Takeover of London GP practices by private US healthcare company could face judicial review, says Unite
The takeover of GP practices in London by US health insurance giant Centene Corporation could be the subject of a judicial review, Unite the union has said.
Campaigners, including members of Doctors in Unite (DiU), have ‘crowdfunded’ about £40,000 towards a possible judicial review regarding the recent takeover by Centene’s UK subsidiary Operose of the privately-owned AT Medics set up in 2004 by six NHS GPs and which runs 37 GP practices across London.
The campaigners are waiting to hear if all the legal hurdles have been crossed and the case can proceed on the basis of the lack of transparency.
To drive the message home, campaigners will be staging a socially-distanced demonstration over Centene’s takeover outside the Department of Health and Social Care, 39 Victoria St, London SW1H 0EU at 18.00 on Monday 5 July – the NHS’ 73rd birthday.
Scheduled to attend the protest are former Labour leader and MP for Islington North Jeremy Corbyn; Streatham MP Bell Ribeiro-Addy; and Labour’s health spokesperson on the Greater London Authority Dr Onkar Sahota.
Doctors in Unite chair Jackie Applebee said: “Ministers and senior NHS executives have repeatedly mouthed the mantra that the NHS is not being privatised, but that is patently not true as the awarding of lucrative contracts to private healthcare firms continues apace.
“We are now hoping to test this policy with a judicial review as to why a huge swathe of English general practice, including the data of nearly half a million patients, was handed over to US health insurance giant Centene – with a breath-taking lack of transparency and openness.

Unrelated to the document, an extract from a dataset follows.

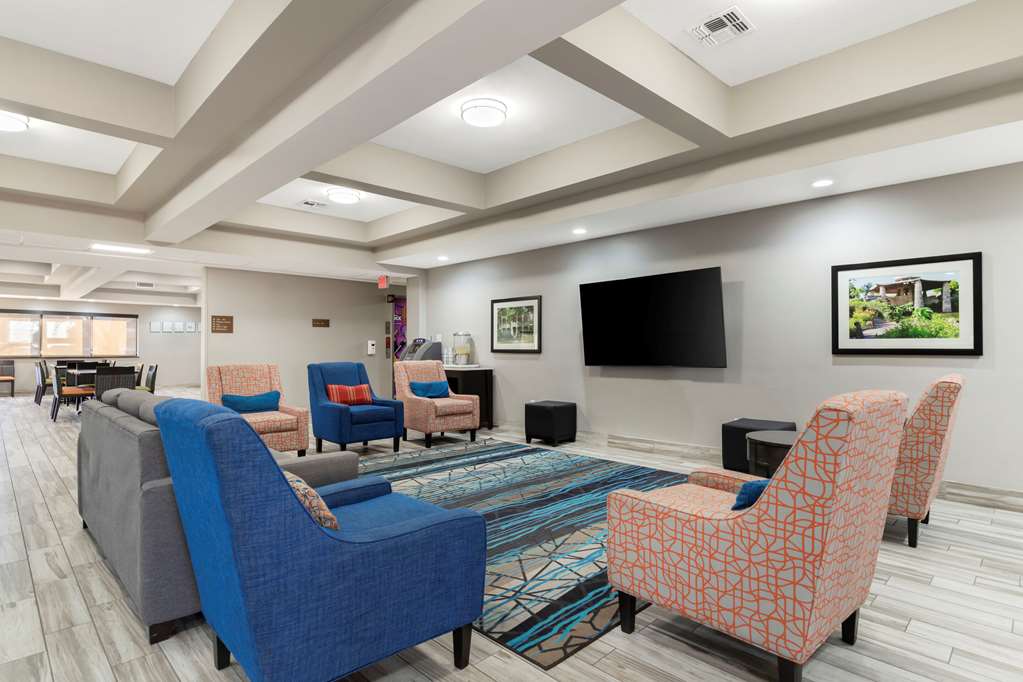 Comfort Inn and Suites Near Medical Center - photo 3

We have been told by the lawyers that we have a strong case.
“The new health and social care secretary Sajid Javid needs to be made aware of the strong groundswell of public opinion against the accelerating pace of NHS privatisation presided over by his disgraced predecessor Matt Hancock and he should immediately reverse the hiving off of NHS services to profit-hungry healthcare companies, such as Centene.
“There is a world of difference between a multinational corporation that operates to make a profit, often by cutting staff and services, so that it can pay dividends to shareholders; and local GPs who are very much part of the NHS ‘family’ and provide services from a budget fixed by the Treasury.

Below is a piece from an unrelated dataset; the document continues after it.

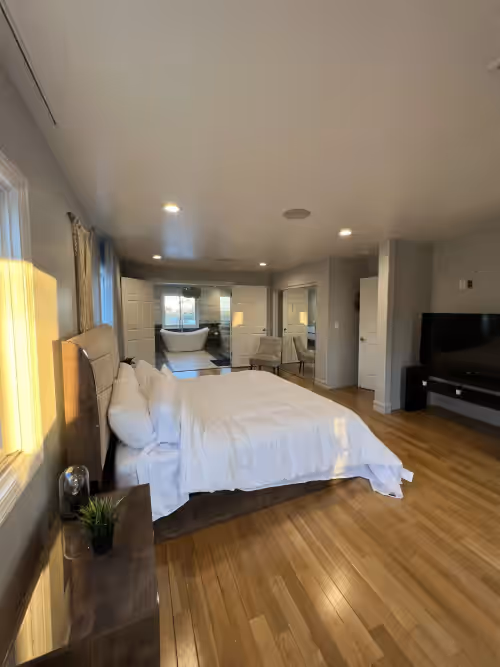 Luxury Mansion w/ Indoor Pool, Colorful Art, & mini Golf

“The public needs to wake-up to the fact the NHS, whose 73rd anniversary we celebrate on Monday (5 July), is being steadily sold off to profit-hungry healthcare companies – in this case one whose headquarters is in America.

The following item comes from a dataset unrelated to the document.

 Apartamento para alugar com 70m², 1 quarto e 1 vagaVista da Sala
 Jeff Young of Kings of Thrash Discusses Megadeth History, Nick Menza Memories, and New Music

“The public values the NHS deeply, especially given its pivotal role in the successful roll-out of the Covid vaccination programme, so now is a time to draw a line in the sand to preserve and cherish the NHS as an organisation free at the point of delivery to all those in need.
“If we are not vigilant, these founding principles of the NHS in 1948 will become mere ghosts of themselves.”